§ **How to complete this task**:
Retype every line from the start of the data down to and including the line with "leták Albert Hypermarket leták strana 1 leták". Skip the pictures.

--- Input records Enclosed Below ---

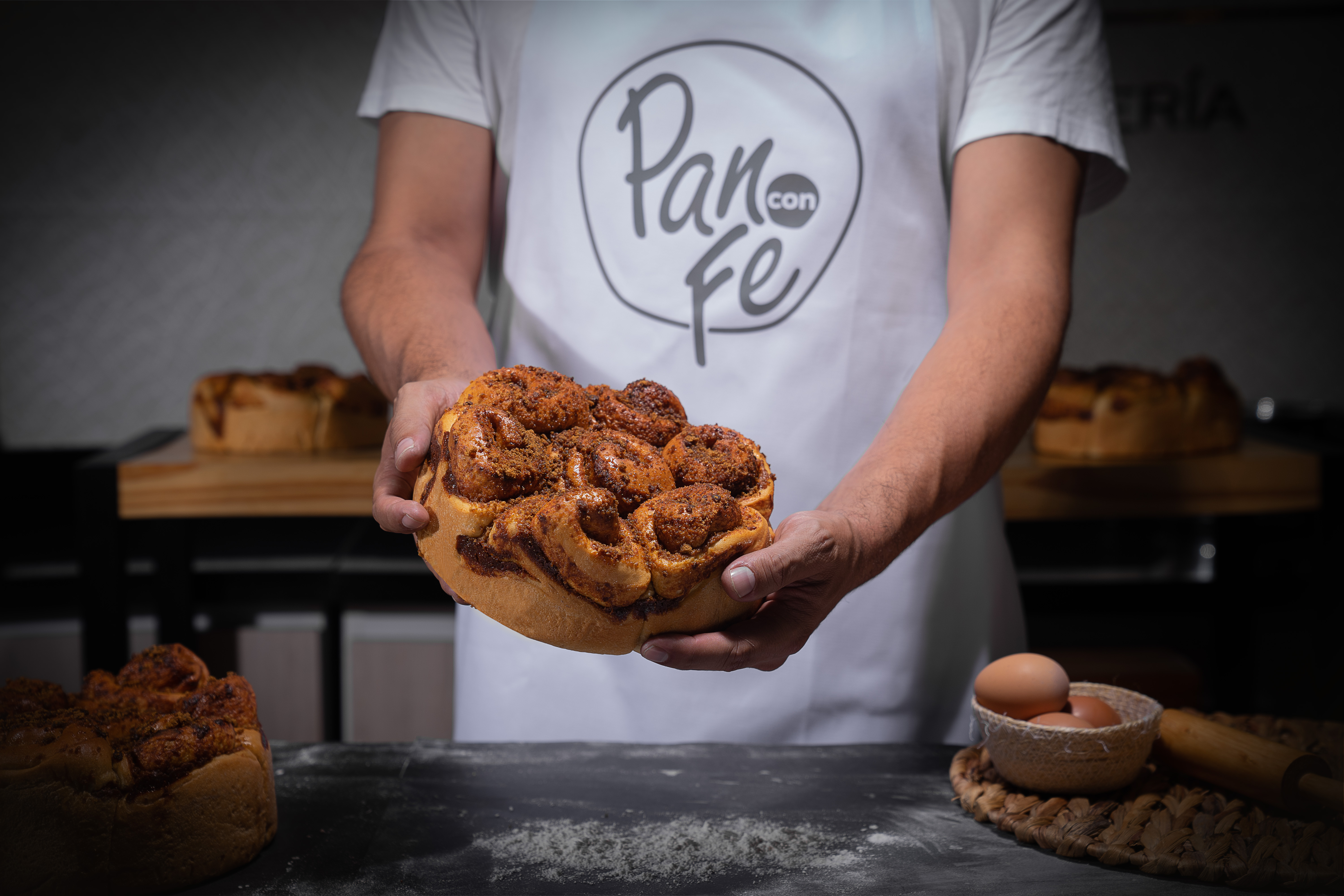 Pan Con Fe, la novedosa receta que prepararon los panaderos colombianos para Semana Santa.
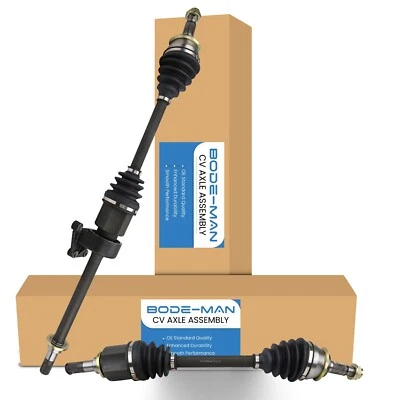 Pair Front CV Axle Shaft for 2002-2007 2008 Mini Cooper Automatic CVT Trans. - Image 1 of 4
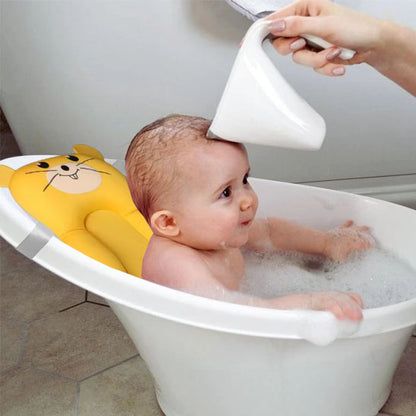 Siege de Bebe pour le Bain | Pliable jaune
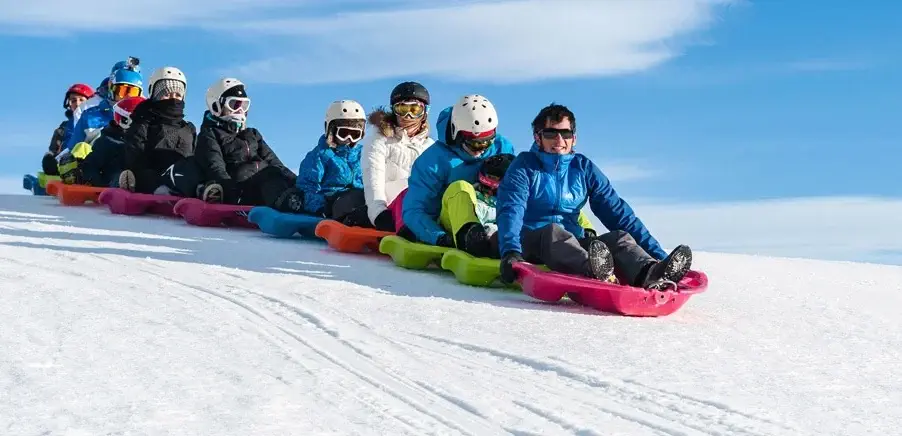 snake gliss de Grandvalira, una de las actividades para niños en andorra más divertidas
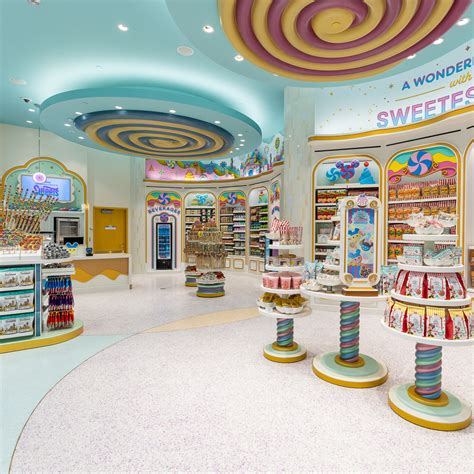 Let's Check Out the New Disney Wonderful World of Sweets - MickeyBlog.com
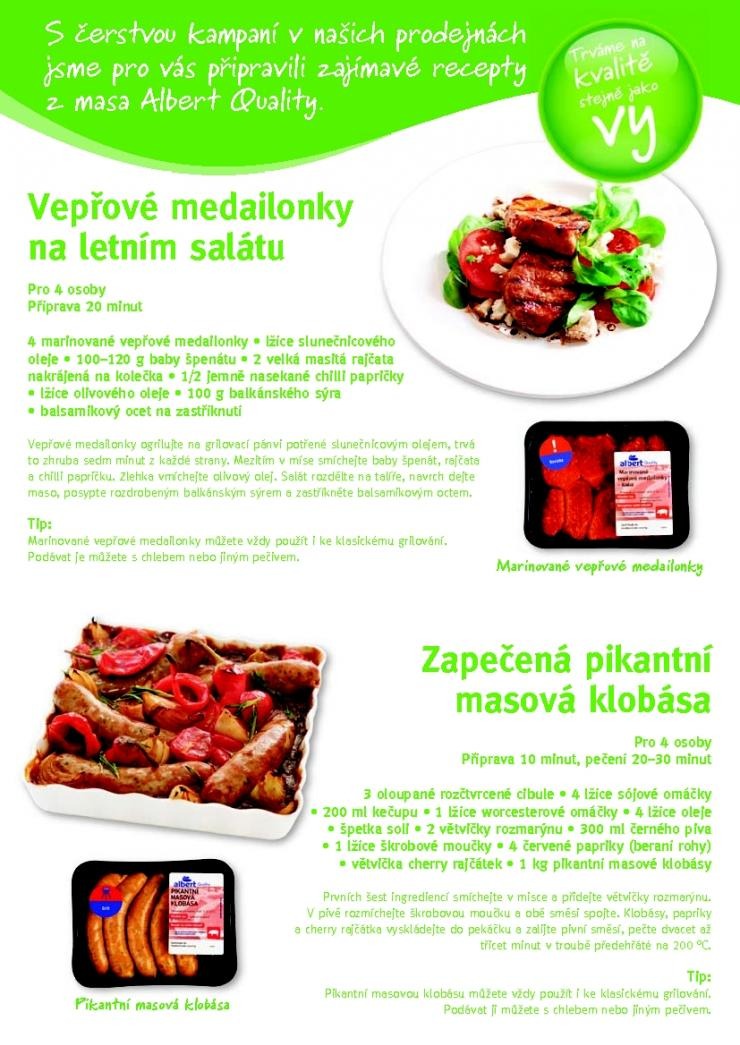 leták Albert Hypermarket leták strana 1 leták Albert Hypermarket leták strana 1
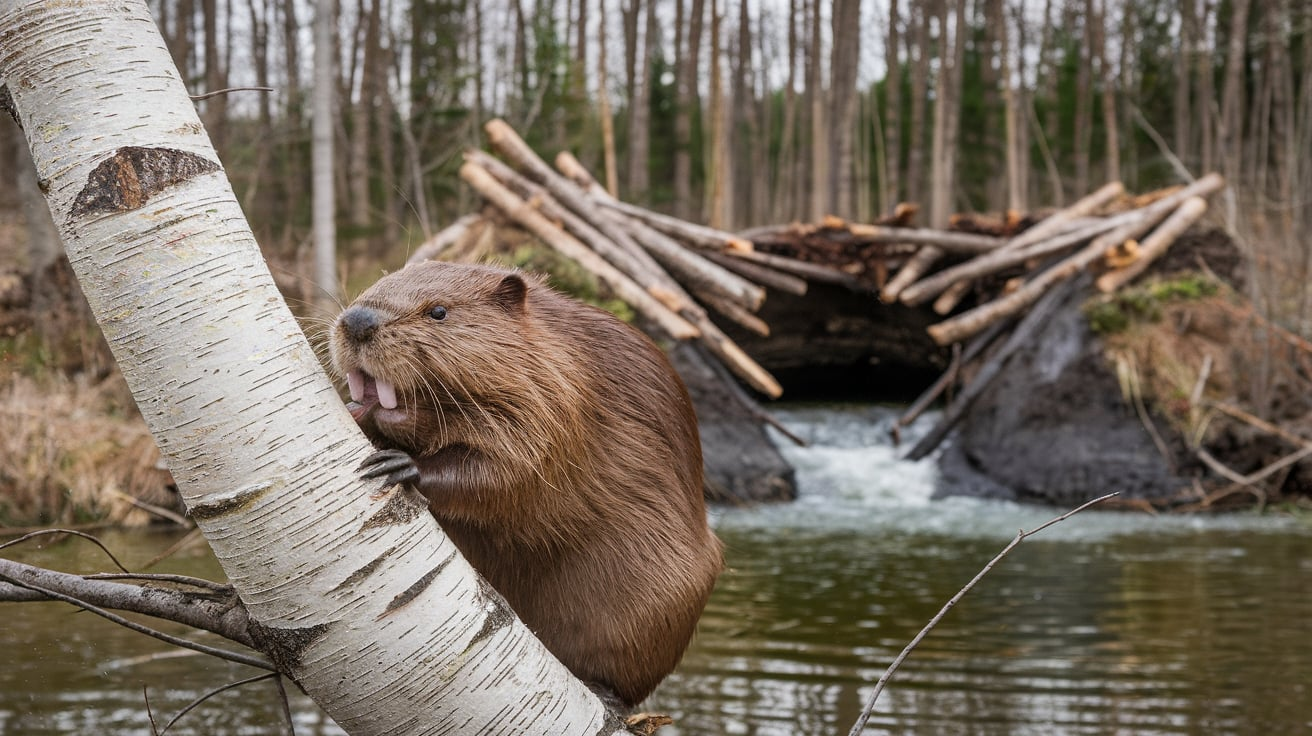 What Do Beavers Eat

--- End of Enclosed Input records ---

§ **Exercise output**:
 Pan Con Fe, la novedosa receta que prepararon los panaderos colombianos para Semana Santa.
 Pair Front CV Axle Shaft for 2002-2007 2008 Mini Cooper Automatic CVT Trans. - Image 1 of 4
 Siege de Bebe pour le Bain | Pliable jaune
 snake gliss de Grandvalira, una de las actividades para niños en andorra más divertidas
 Let's Check Out the New Disney Wonderful World of Sweets - MickeyBlog.com
 leták Albert Hypermarket leták strana 1 leták Albert Hypermarket leták strana 1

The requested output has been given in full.